** The data follows **
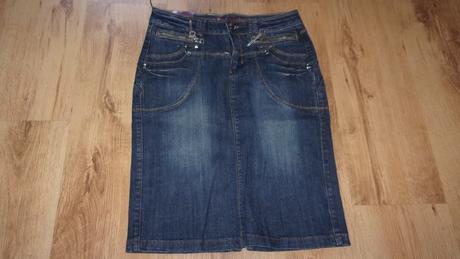 Nová sukně vel. s, včetně visačky, s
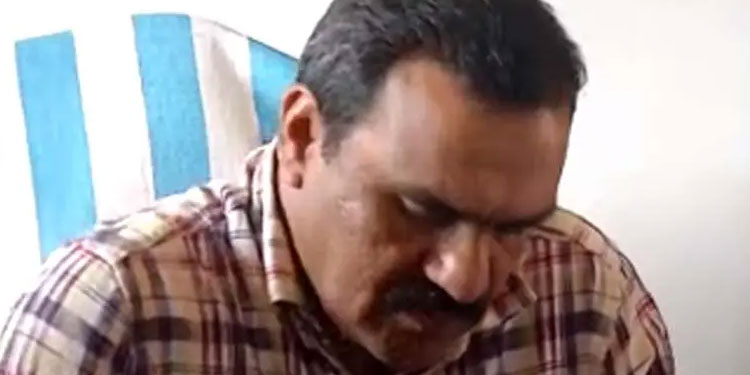 കൈക്കൂലി വാങ്ങുന്നതിനിടെ ഹെൽത്ത്‌ ഇൻസ്‌പെക്ടർ പിടിയിൽ; വീട്ടിൽനിന്ന്‌ എട്ടുലക്ഷം രൂപയോളം കണ്ടെടുത്തു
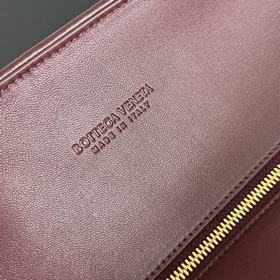 Новинка BV — сумка Barbare Tote 868327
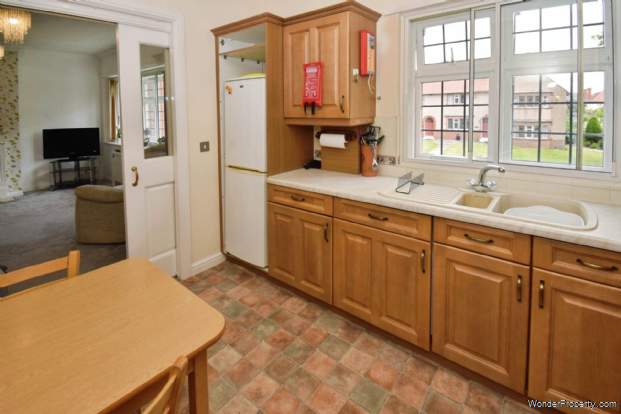 Additional Property Image 2 bedroom Flat for sale in Wirral 11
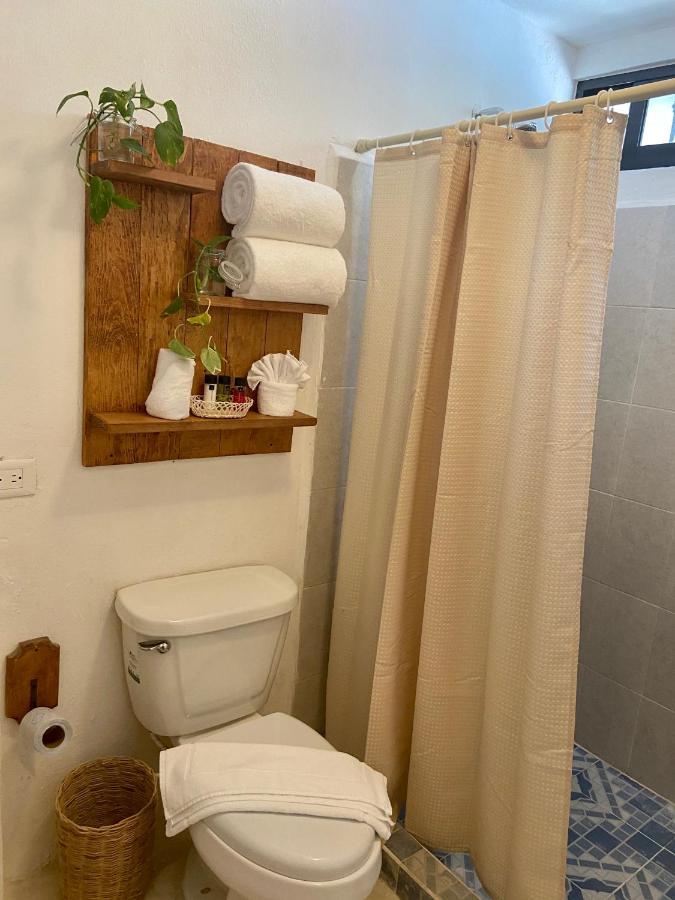 Mio Cancun Hotel Boutique Exterior photo Bathroom in a tiny home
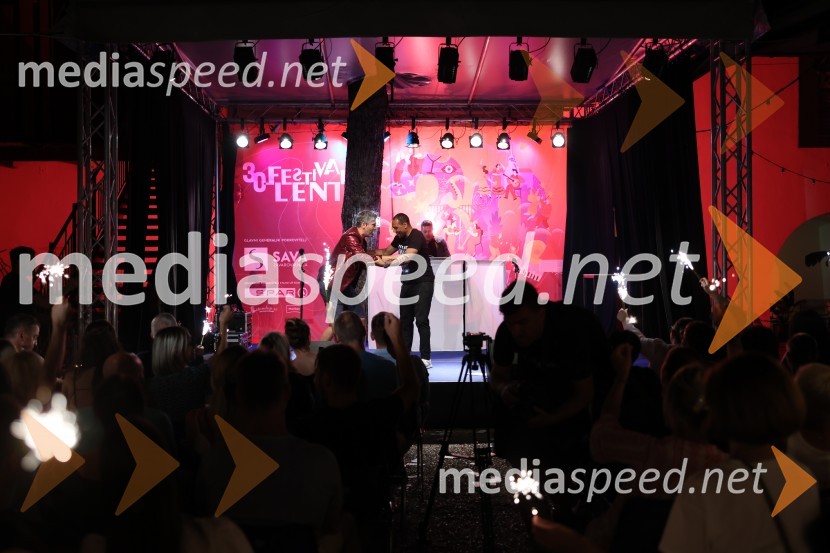  Bor Greiner, odgovorni urednik, Radio City;  Marcos  Tavares, nogometaš, NK MariborAutsajderji, dobrodelni stand up roast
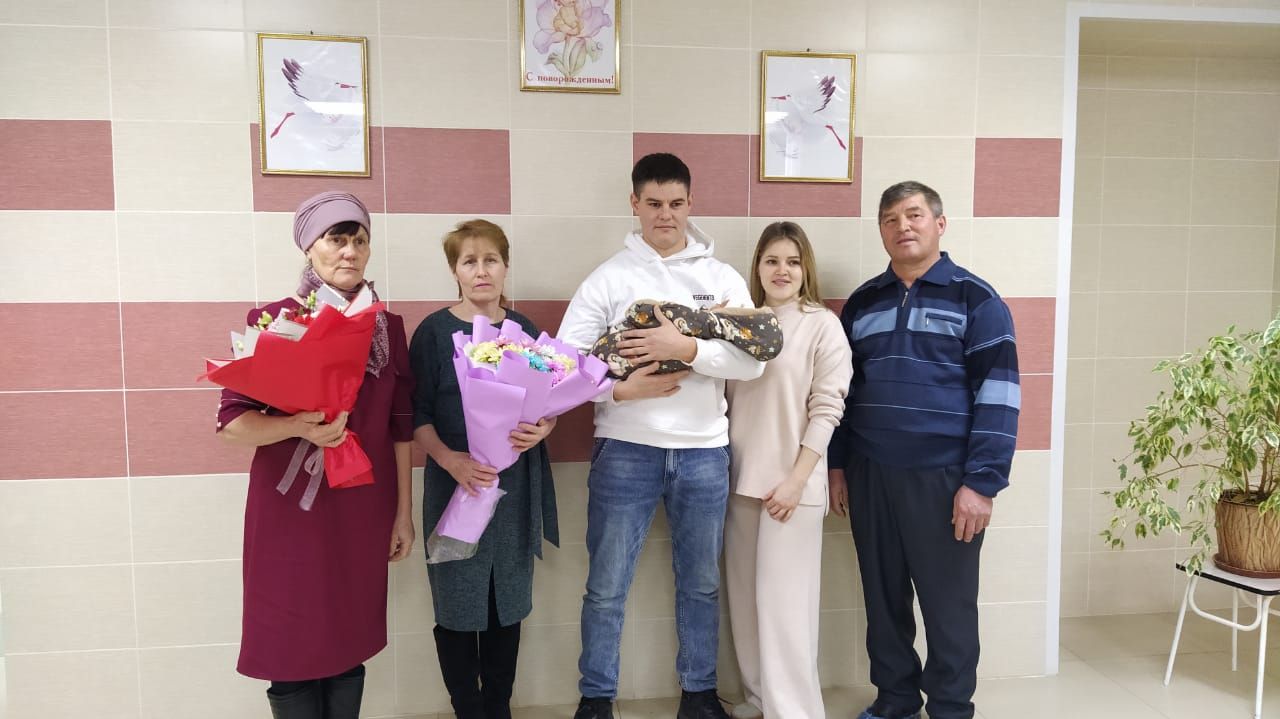 Арчада быел беренче булып туган кыз бала бүген өенә кайтты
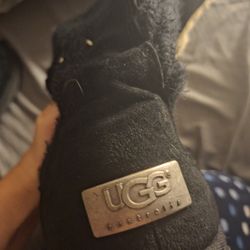 Size 11 Womens Uggs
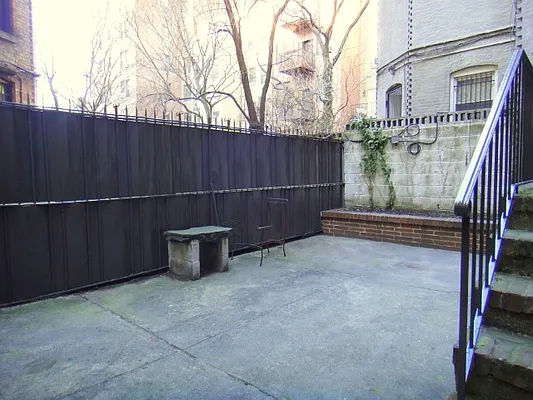 Rented by Balass Ralph, LREB | media 29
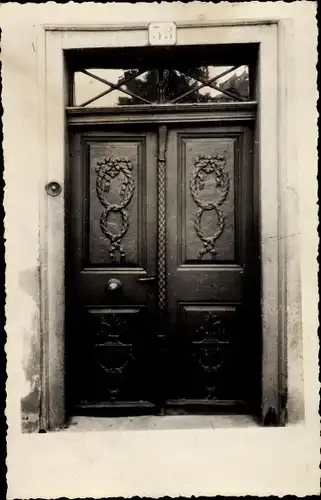 Foto Ak Erfurt in Thüringen, verzierte Eingangstür, Nr. 53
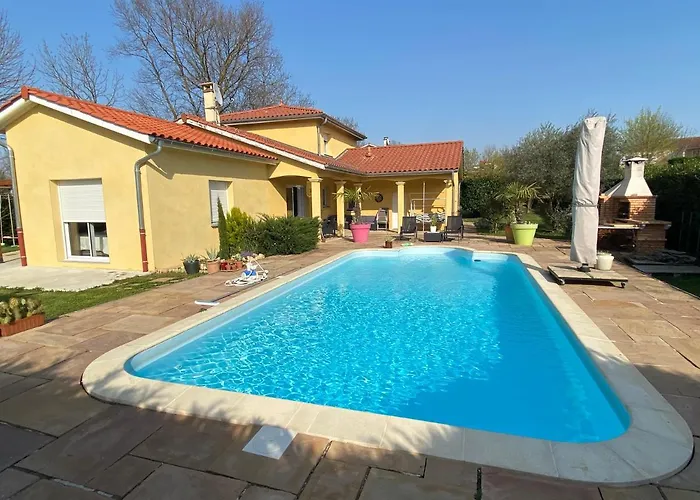 Dans Avec Piscine Bed and Breakfast Gleizé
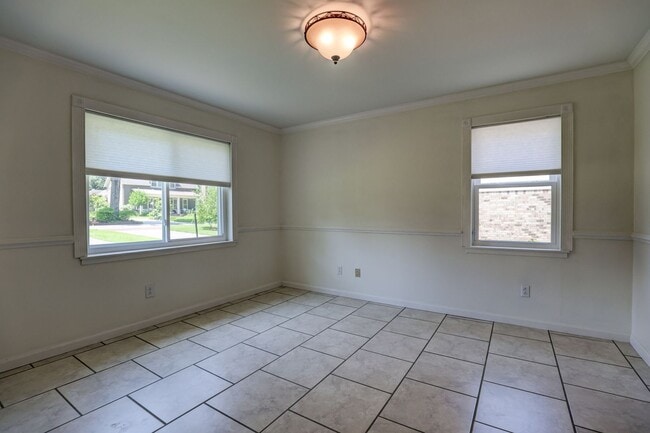 Building Photo - MOVE IN READY!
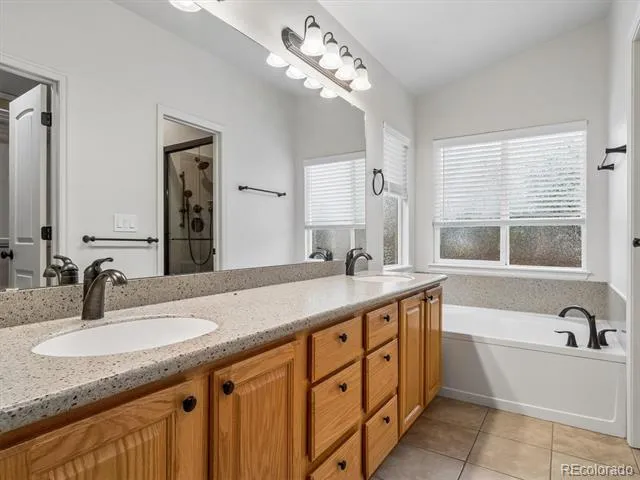 9669 Sydney Lane Highlands Ranch, CO 80130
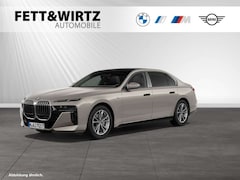 Bild des Angebotes BMW 740 d xDrive M Sport|AHK|SkyLounge|Autobahnass.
** End of The data **
◆ Assignment ◆
Write out again the lines from the one with "Арчада быел беренче" through the end of the records exactly, without any of the pictures.

◆ Reply ◆
 Арчада быел беренче булып туган кыз бала бүген өенә кайтты
 Size 11 Womens Uggs
 Rented by Balass Ralph, LREB | media 29
 Foto Ak Erfurt in Thüringen, verzierte Eingangstür, Nr. 53
 Dans Avec Piscine Bed and Breakfast Gleizé
 Building Photo - MOVE IN READY!
 9669 Sydney Lane Highlands Ranch, CO 80130
 Bild des Angebotes BMW 740 d xDrive M Sport|AHK|SkyLounge|Autobahnass.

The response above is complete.